FFPA(Split-D): Yet another Faster Flash Prefill Attention with Split-D strategy, achieve O(1) SRAM complexity and O(d/4) register complexity for large headdim (> 256), 1.5~3x 🎉 faster than SDPA. 📚👇The Core features:

Self Attn GQA/MQA Cross Attn Causal/Mask Dropout Headdim Fwd/Bwd
✔️(Nq=Nkv) ✔️(Hq!=Hkv) ✔️(Nq!=Nkv) ✔️(attn_mask) ✔️(p>0) 320~1024 1.5~3x↑

📖 Quick Start

First, install the prebuilt package from PyPI or build ffpa-attn from source:

# Fisrt, install the prebuilt package from PyPI
pip3 install -U ffpa-attn # CUDA 13.0+, PyTorch 2.11+
# Or, build ffpa-attn from source, just follow the cmds
git clone https://github.com/xlite-dev/ffpa-attn.git
# Then, build the wheel package (Triton + CuTeDSL backends)
cd ffpa-attn && pip3 install -e . --no-build-isolation
# Optional: install ffpa-attn w/ CUDA backend (forward only)
ENABLE_FFPA_CUDA_IMPL=1 MAX_JOBS=32 pip3 install -e .

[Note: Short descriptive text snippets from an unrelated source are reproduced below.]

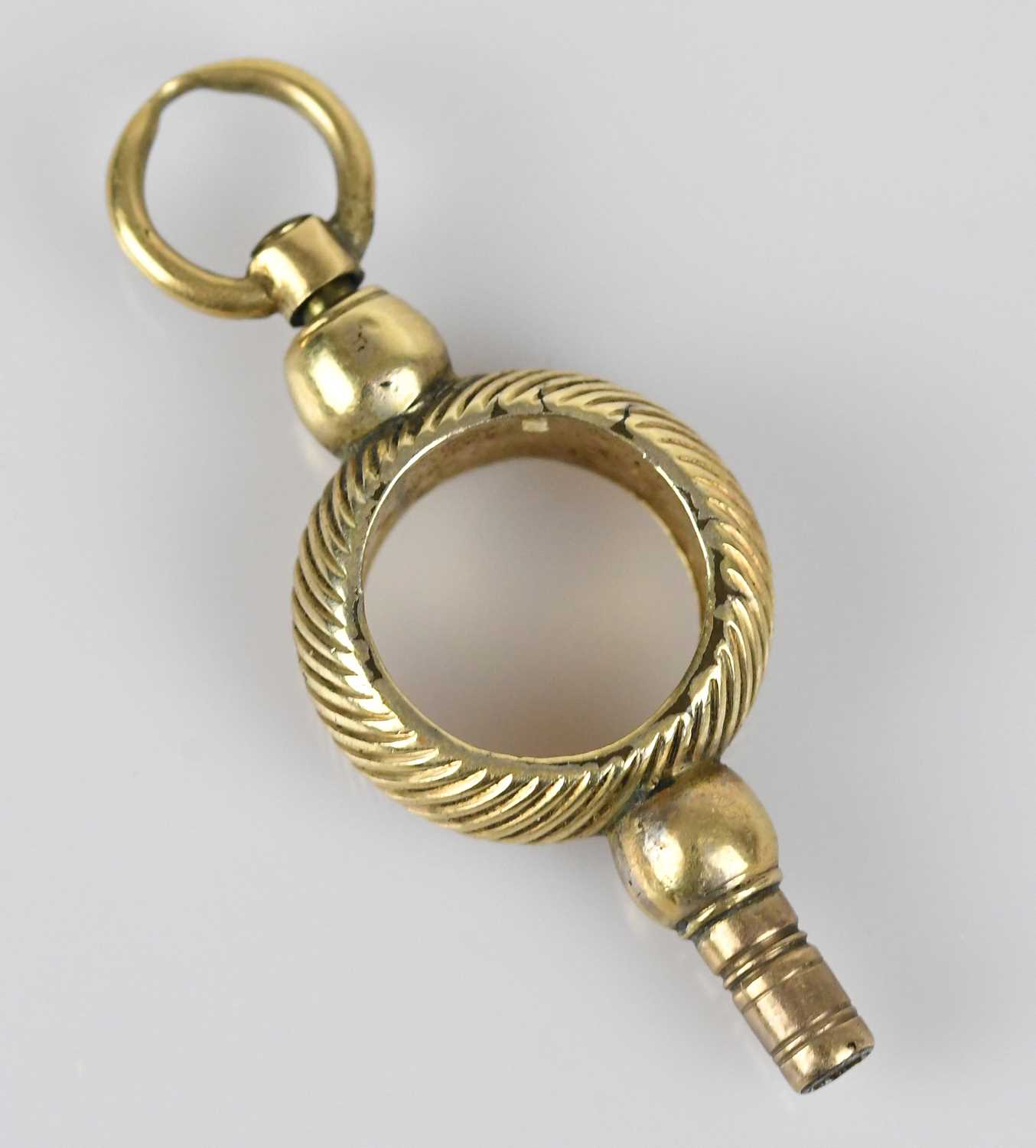 Lot 31 - A 19th century yellow metal pocket watch key,...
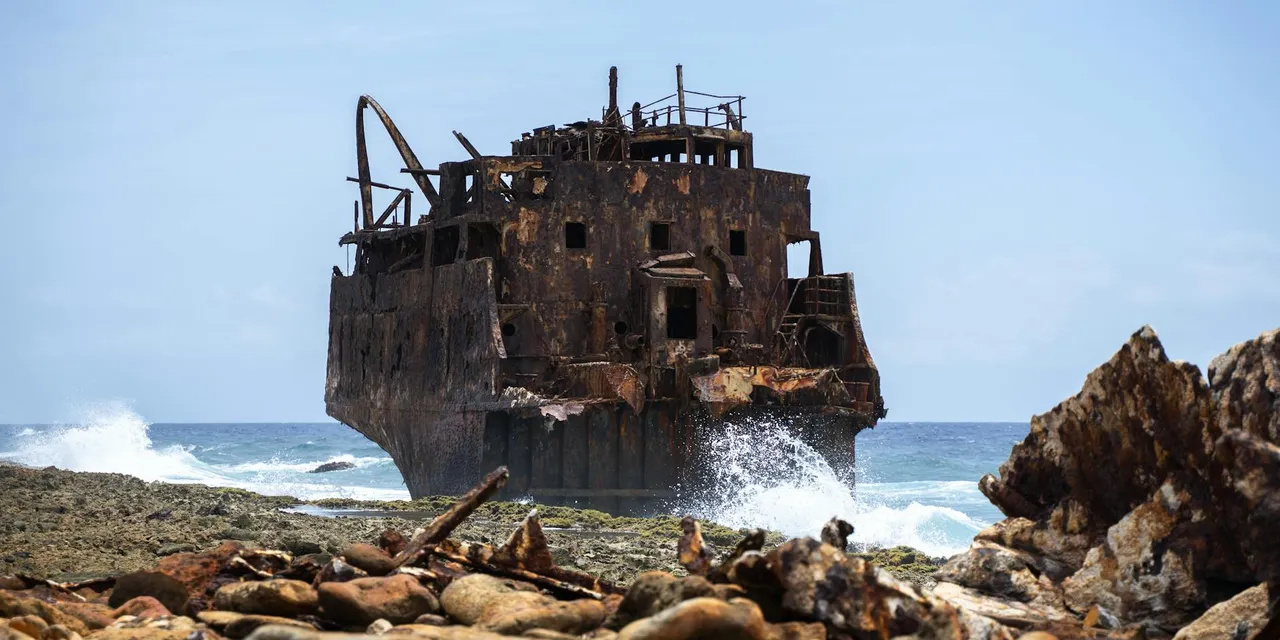 A rusting shipwreck on Curaçao's rocky coast with waves crashing, under a clear blue sky.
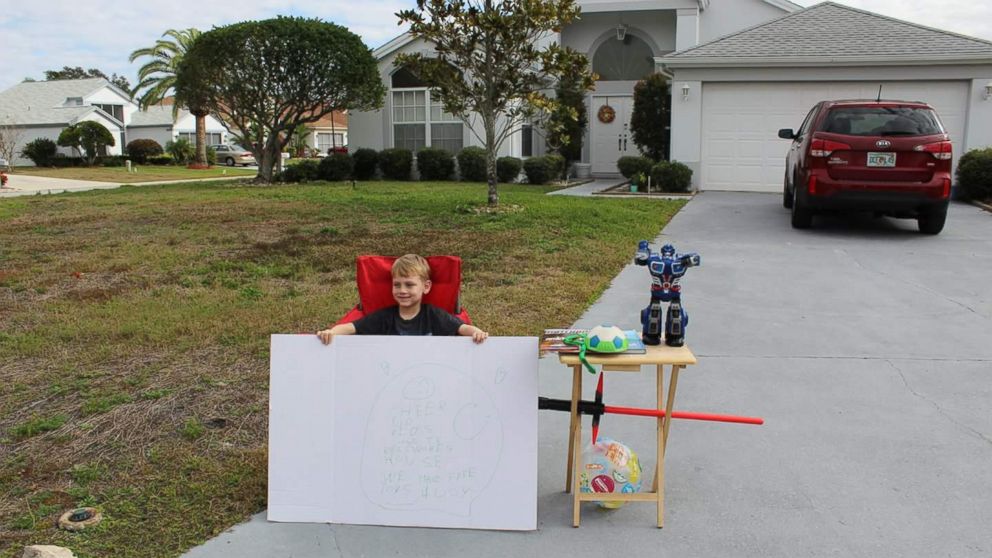 Little boy, Blake Work, paid it forward by holding a "free toy" stand for children who are less fortunate. 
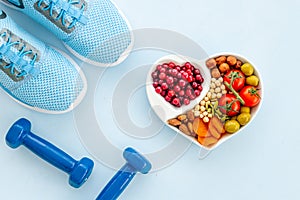 Sports nutrition diet. Healthy food with fitness equipment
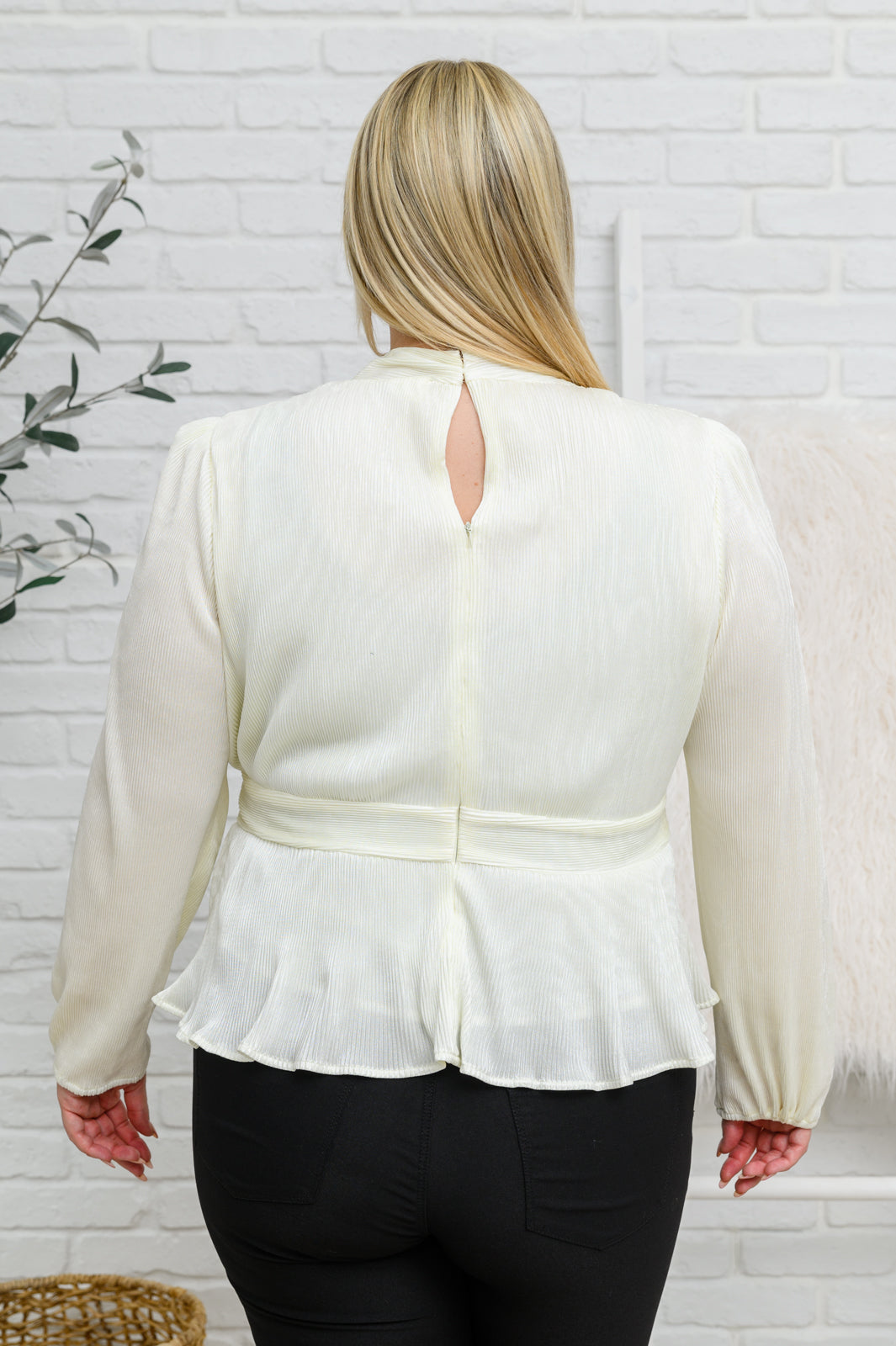 Plus size back view of Xanidu Plissé Blouse in white showing zipper closure and peplum silhouette.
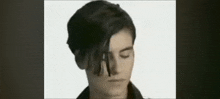 a close up of a person 's face with their eyes closed and their hair visible .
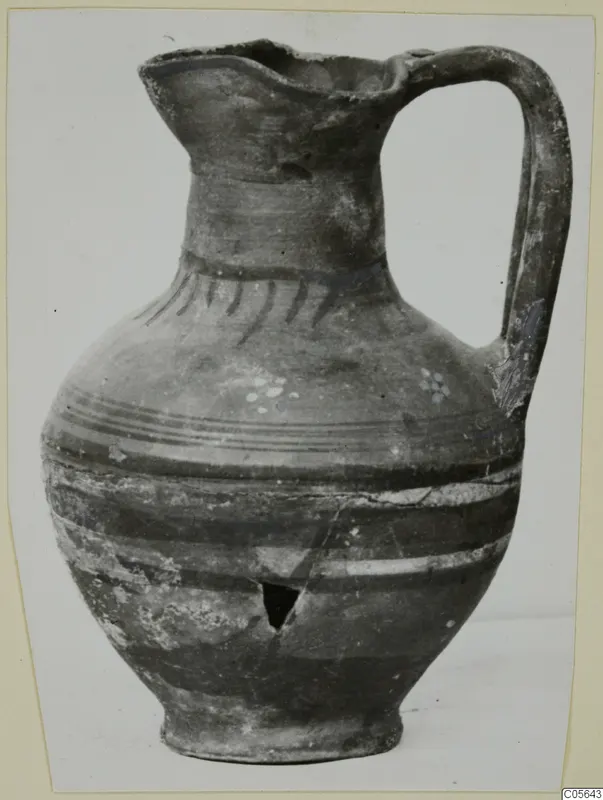 Jug with a pinched mouth, single strap handle and dark painted bands, from Marion tombs 1–30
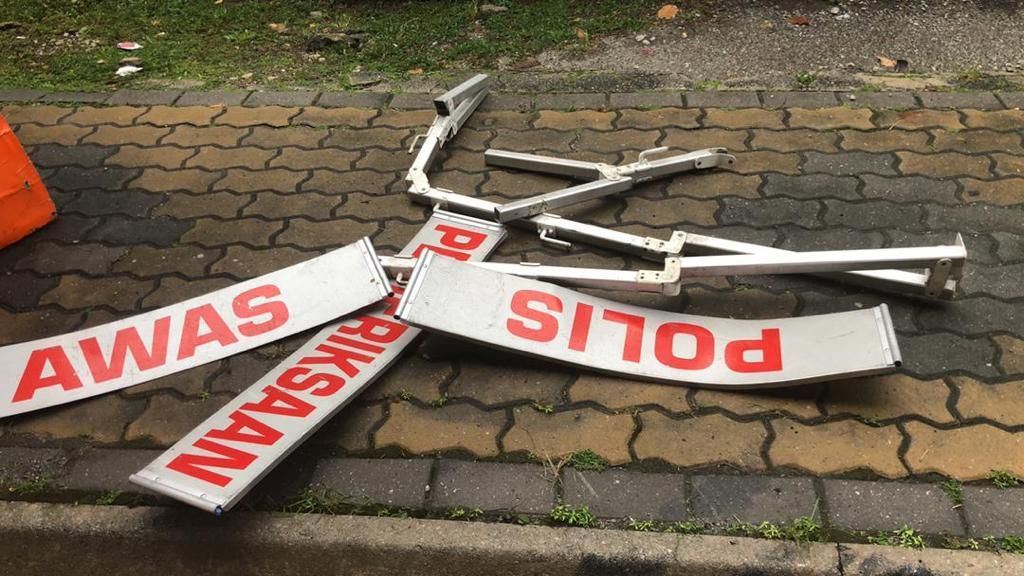 man crashes into police roadblock while distracted on phone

Then, try to accelerate the attention for large headdim with just one-line of code:

>>> import torch.nn.functional as F
>>> from ffpa_attn import ffpa_attn_func
>>> # Monkey-patch SDPA to point to FFPA. Every thing that FFPA
>>> # does not support will auto fallback to SDPA: D <= 256, etc.
>>> F.scaled_dot_product_attention = ffpa_attn_func # one-line code

For more advanced features, please refer to our online docs at 📘ffpa-attn.io.

📖 Split-D

We extend FlashAttention to support large headdim ($D>256$) via fine-grained tiling at the MMA level for $QK^\top$ and $PV$ matrix multiplication, referred to as Split-D. This design keeps SRAM usage fixed at $B_r \times 16$ (with $B_r=B_c$) for Q, K and V, yielding constant SRAM complexity $O(B_r \times 16) \approx O(1)$ and register complexity $O(d/4)$.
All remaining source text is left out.